In an interview, Burgess called writer George Steiner “the biggest bloody fool who ever lived” for being “so foolish as to wonder why Nazis, why a concentration camp officer could listen to Schubert and at the same time send Jews to the gas.” There are, Burgess says, “two different kinds of good”: the aesthetic and the ethical, and, as he demonstrates with the character of Alex in Part One, these two kinds of goodness don’t necessarily correlate with one another. Alex loves doing cruel things to people, and Alex loves listening to Beethoven. Though this situation may instinctually feel counterintuitive to us, there’s no logical reason why these two predilections should conflict with one another. On the contrary, as we see, Alex thinks they go together perfectly—he likes very much to lie on his bed, listening to Mozart and fantasizing about beating and raping people. It makes sense, then, that Alex would give Dim a great big punch in the mouth for being disrespectful toward a beloved opera. This incident, which sows the seeds of a rebellion against autocratic Alex, does again illustrate Alex’s strange fastidiousness: he’s violent, but he abhors vulgarity.

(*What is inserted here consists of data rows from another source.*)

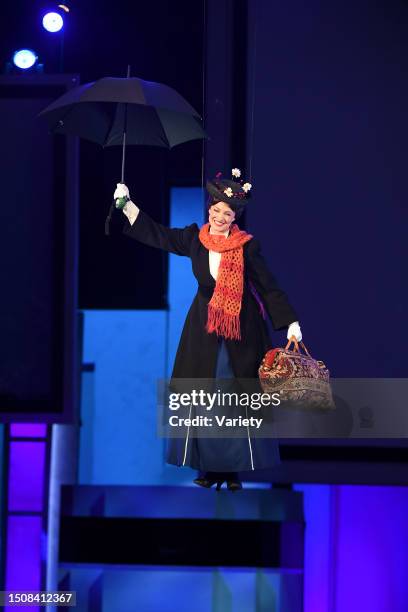 Brandi Burkhardt as Mary Poppins performs at the AFI Lifetime Achievement Award Tribute Gala to Julie Andrews held at the Dolby Theatre on June 9,...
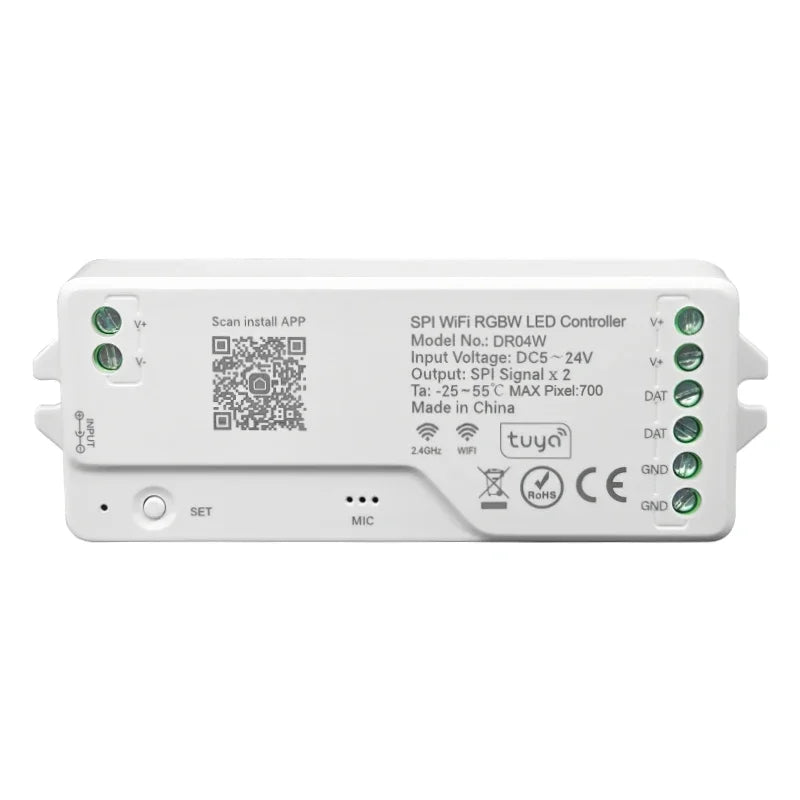 Tuya Wifi SPI RGB Controller DR03W RGBW DR04W For WS2812B WS2811 Addressable LED Strip Light Alexa Google Voice Control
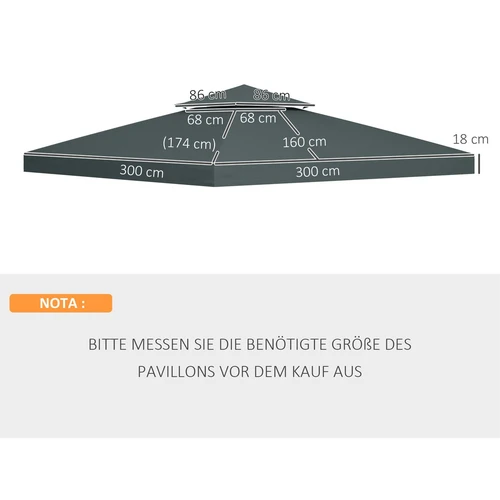 Paviljono stogas 3x3m su tvirtinimo dirželiais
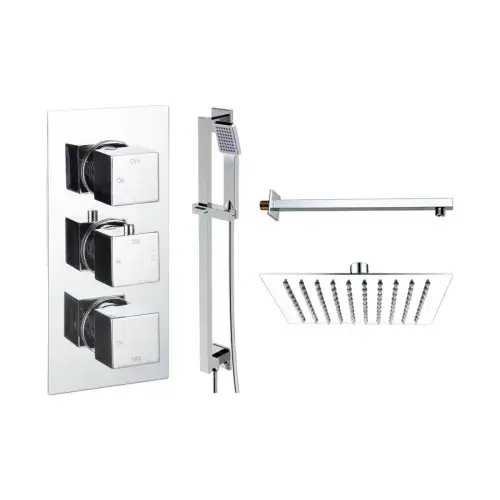 Land Square Concealed Shower Valve & Kit Pack 3 - Chrome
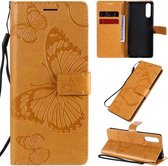 Voor Sony Xperia 10 II 3D Vlinders Embossing Patroon Horizontale Flip Leren Case met Houder & Kaartsleuf & Portemonnee (Geel)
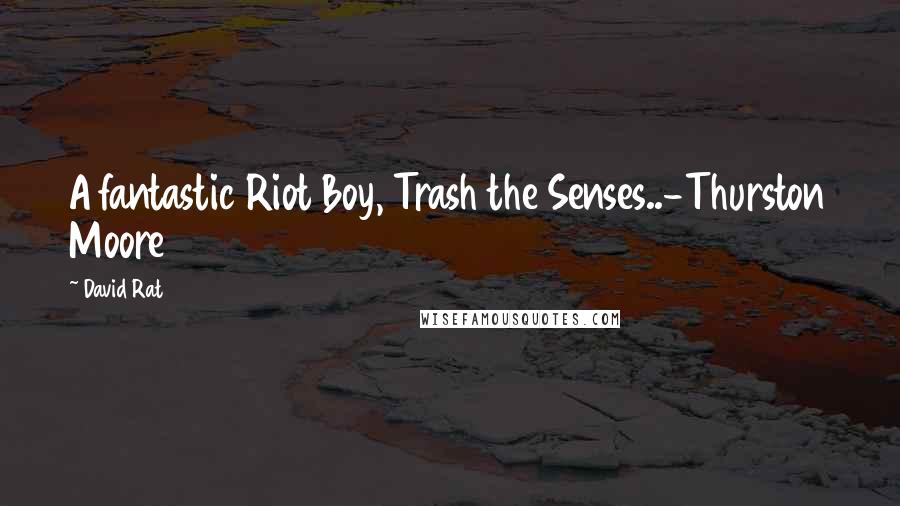 David Rat Quotes: A fantastic Riot Boy, Trash the Senses..-Thurston Moore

The bit of opera that the woman sings foreshadows Alex’s misery later on in the book. The name of the fictional composer is Gitterfenster, which is German for “barred window,” pointing toward Alex’s coming imprisonment, and the bit of an aria that she sings—“it was the bit where she’s snuffing it with her throat cut, and the slovos [words] are ‘Better like this maybe’”—points toward Alex’s suicide attempt in Part Three Chapter 5, when, in the little apartment he decides he has “to do [himself] in, to snuff it.” Another bit of foreshadowing of the suicide attempt comes at the end of this chapter, when he’s lying in bed listening to some music, thinking about rape, and he actually ejaculates with the bliss of it: “when the music...rose to the top of its big highest tower, then, lying on my bed with glazzies [eyes] tight shut and rookers [hands] behind my gulliver [head], I broke and spattered and cried aaaaaaah.” The way in which this is described very closely echoes his attempted suicide in Part Three, Chapter 5, when he goes over to the window, high up in a big apartment tower, climbs “on to the sill, the music blasting away to my left, and I shut my glazzies and felt the cold wind on my litso [face], then I jumped” and spattered on the pavement below.

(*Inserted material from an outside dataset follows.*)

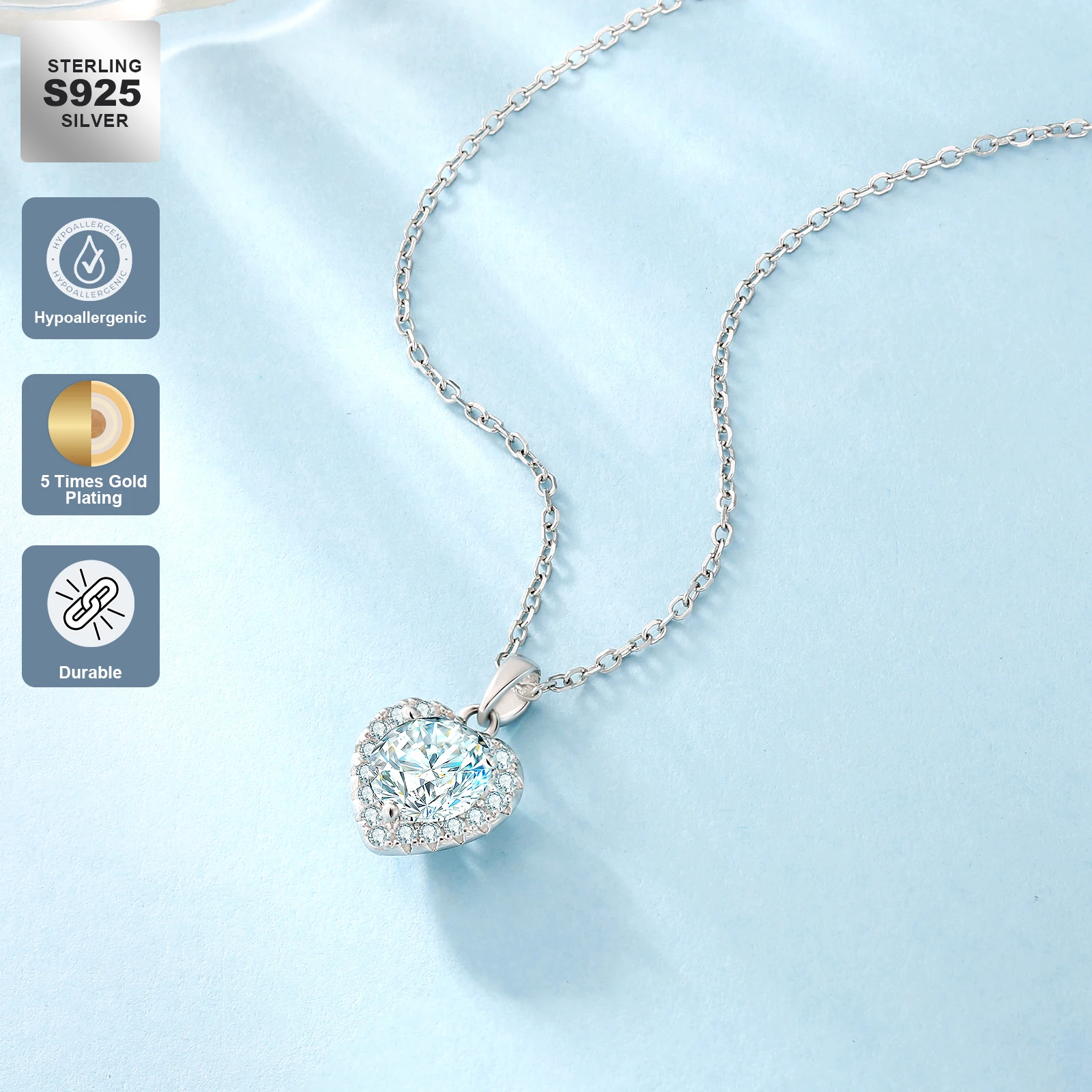 Fine Jewelry VVS1 Diamond White Gold 925 Sterling Silver Round Brilliant Cut 1CT 2CT 8mm GRA Moissanite Pendant Women Necklace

Burgess further emphasizes the communist mentality of this society with the description of the mural in the hall of Alex’s apartment building. Alex tells us about “the good old municipal painting on the walls—vecks [men] and ptitsas [women] very well developed, stern in the dignity of labor, at workbench and machine with not one stitch of platties [clothing] on their well-developed plotts [bodies].” What he is describing here sounds just like a piece of Socialist Realism, the official style of art in the U.S.S.R., which most typically consisted of extremely earnest depictions of healthy, idealized workers. Alex describes further how some of the kids in the apartment building have vandalized the mural, drawing speech bubbles with dirty words coming out of the mouths of these dignified laborers. The relation between the ugly graffiti and the earnest mural is the same as the relation between the hooligans and the state; the graffiti and the hooligans are certainly nasty but, in some way, less threatening than the idea of an official and bureaucratic art or the specter of the totalitarian state. There is something human about the graffiti—it represents the work of independent individuals, however filthy-minded, and not the product of an administrative decree. While Burgess remains highly critical of their violence, he does want us to see the thuggish kids as more human and, thus, as a kind of countermeasure against the repressive state of A Clockwork Orange.